TASK INSTRUCTIONS
In the entries below, begin at the line with "Load image into" and stop after the line with "sezione Under 18"; output those lines exactly and omit the pictures.

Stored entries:
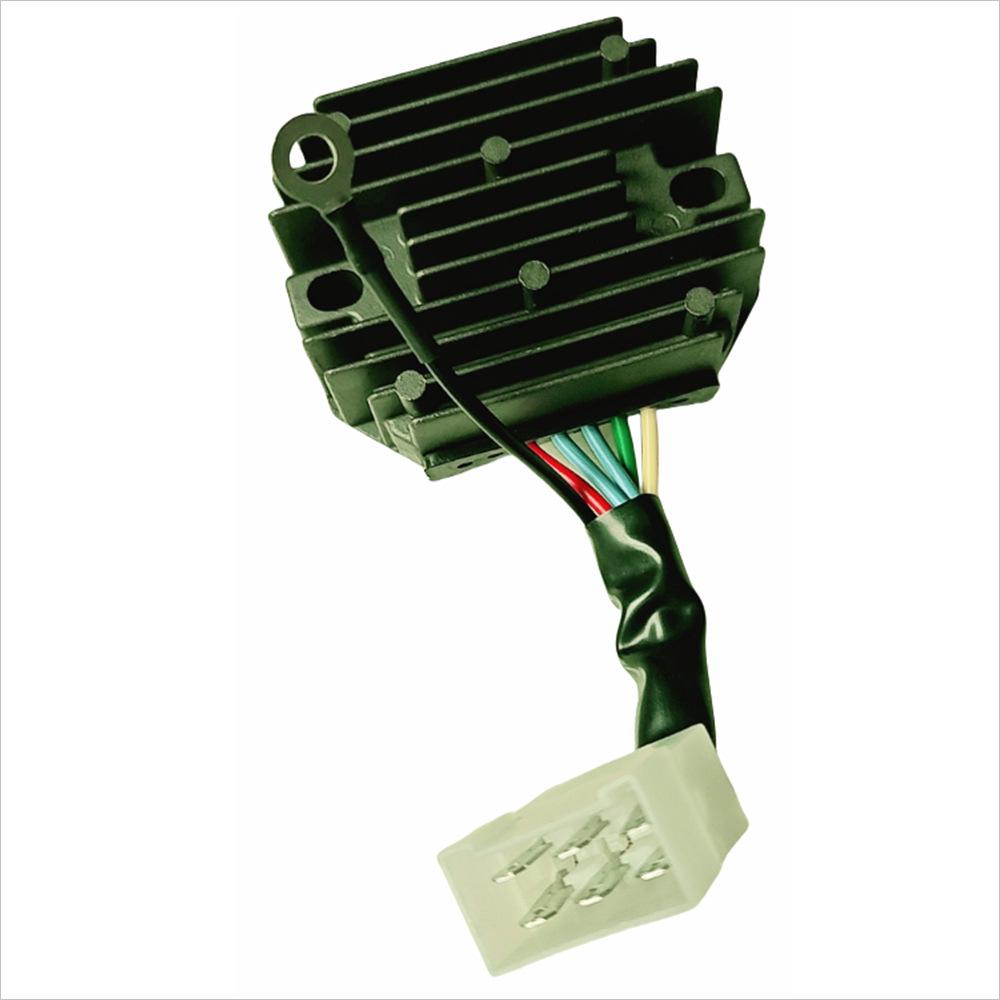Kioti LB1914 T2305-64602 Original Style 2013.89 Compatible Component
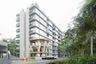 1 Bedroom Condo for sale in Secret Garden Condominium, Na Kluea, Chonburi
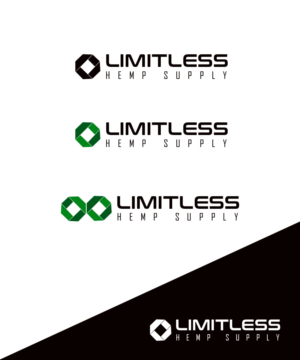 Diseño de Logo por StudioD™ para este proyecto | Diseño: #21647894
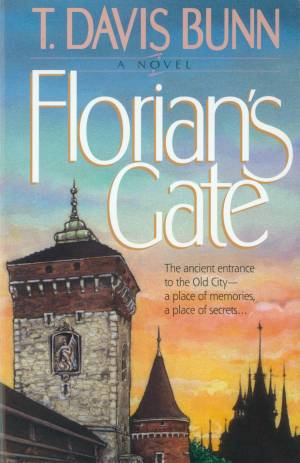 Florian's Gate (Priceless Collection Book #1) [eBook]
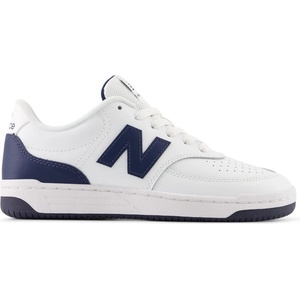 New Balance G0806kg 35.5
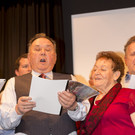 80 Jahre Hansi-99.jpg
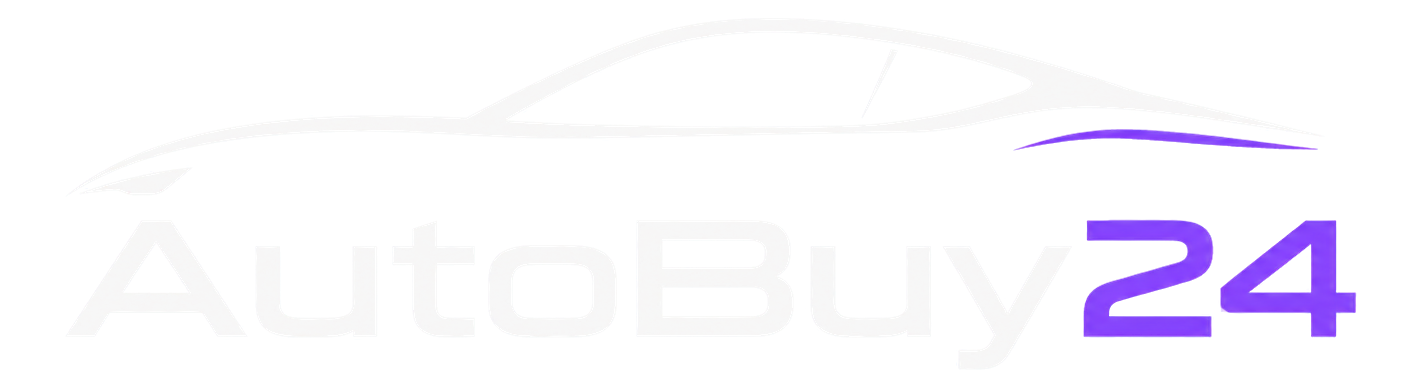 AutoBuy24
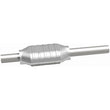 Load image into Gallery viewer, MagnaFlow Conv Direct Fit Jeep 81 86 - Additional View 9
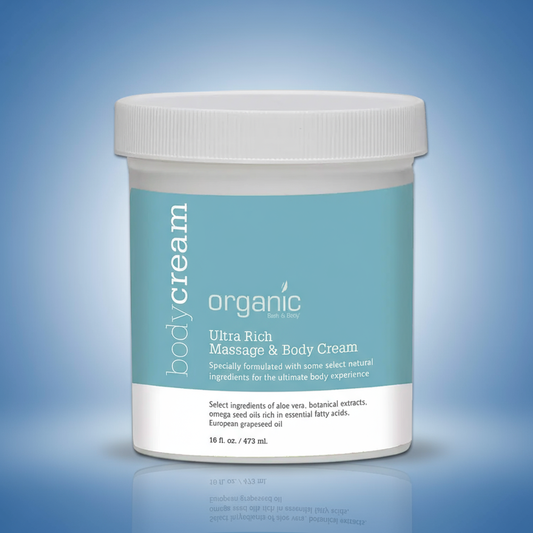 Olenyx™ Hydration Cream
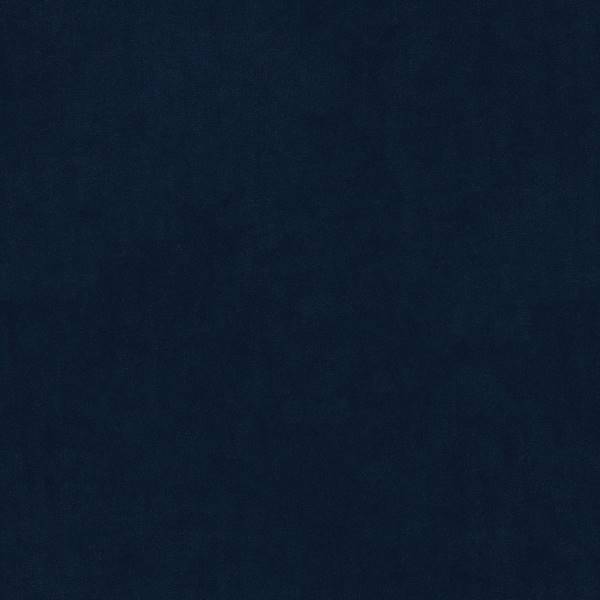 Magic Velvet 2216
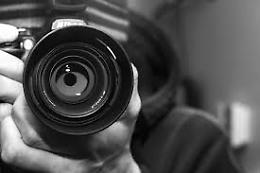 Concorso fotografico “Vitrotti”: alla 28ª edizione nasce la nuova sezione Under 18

---

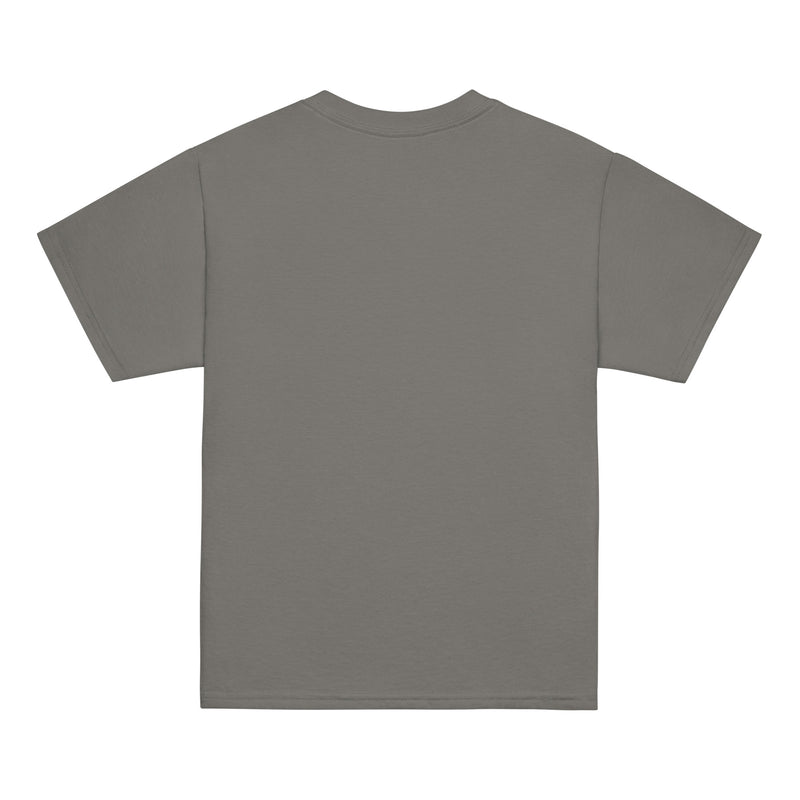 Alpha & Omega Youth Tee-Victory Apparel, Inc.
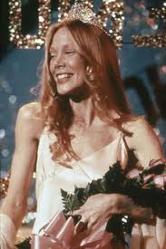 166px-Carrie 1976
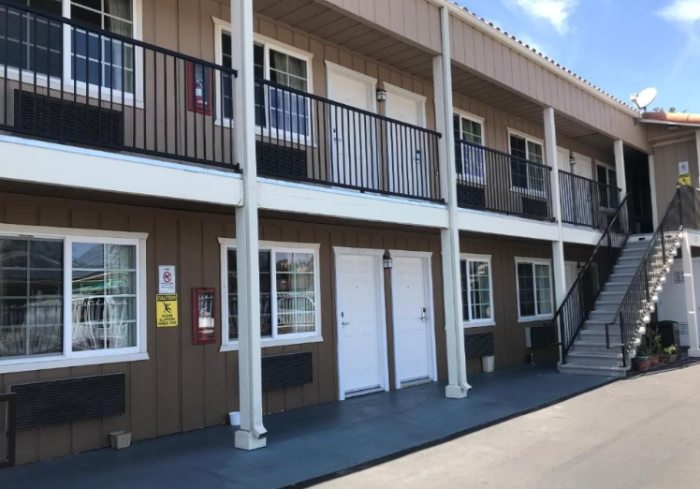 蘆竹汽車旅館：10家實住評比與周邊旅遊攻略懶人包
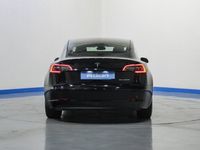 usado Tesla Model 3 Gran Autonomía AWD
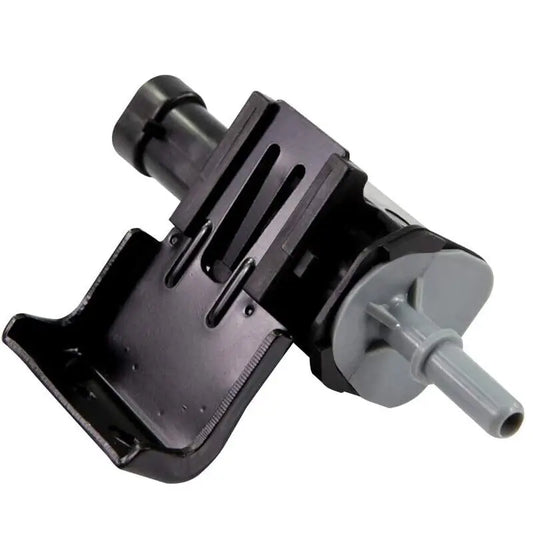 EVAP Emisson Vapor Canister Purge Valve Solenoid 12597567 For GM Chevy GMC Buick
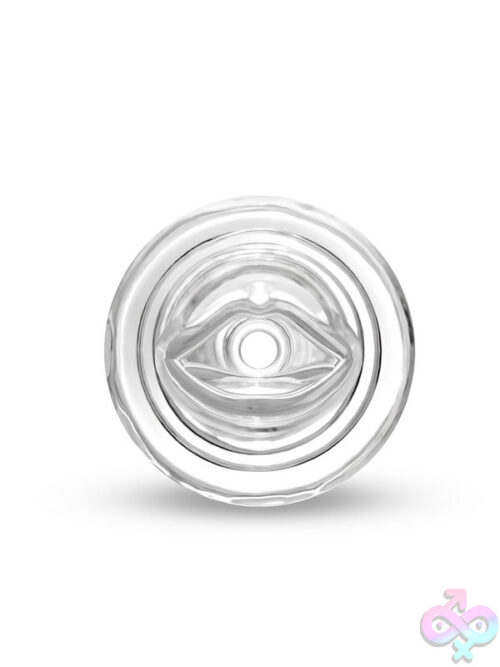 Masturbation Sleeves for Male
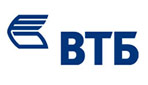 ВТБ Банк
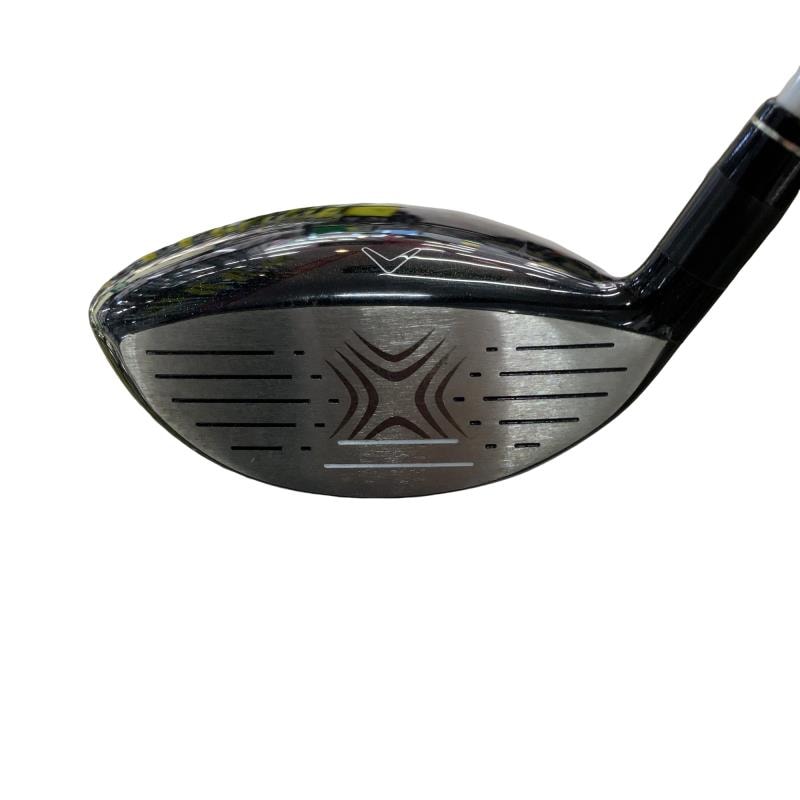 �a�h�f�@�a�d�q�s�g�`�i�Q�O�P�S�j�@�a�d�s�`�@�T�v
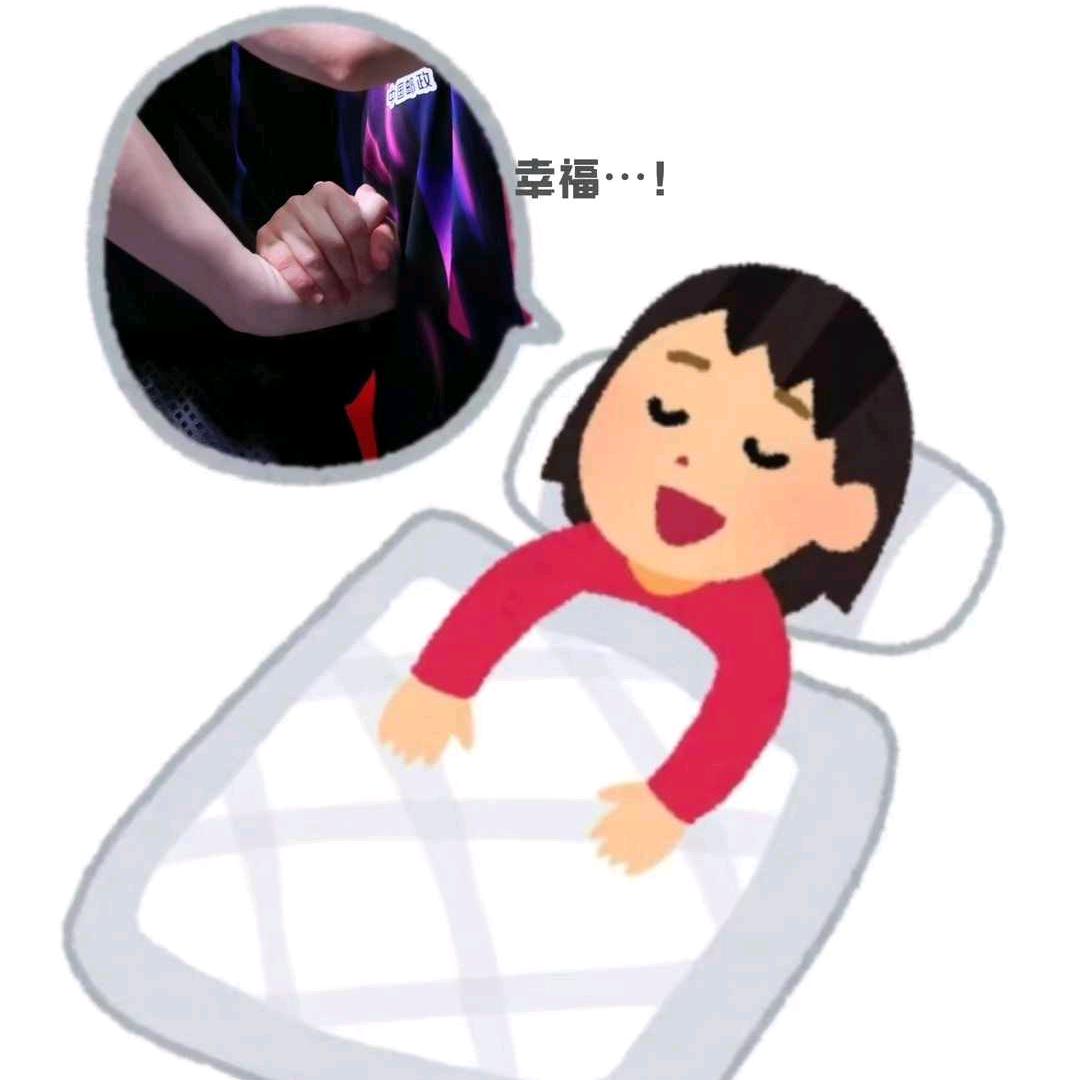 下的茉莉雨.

ANSWER TO THE EXERCISE
 Load image into Gallery viewer, MagnaFlow Conv Direct Fit Jeep 81 86 - Additional View 9
 Olenyx™ Hydration Cream
 Magic Velvet 2216
 Concorso fotografico “Vitrotti”: alla 28ª edizione nasce la nuova sezione Under 18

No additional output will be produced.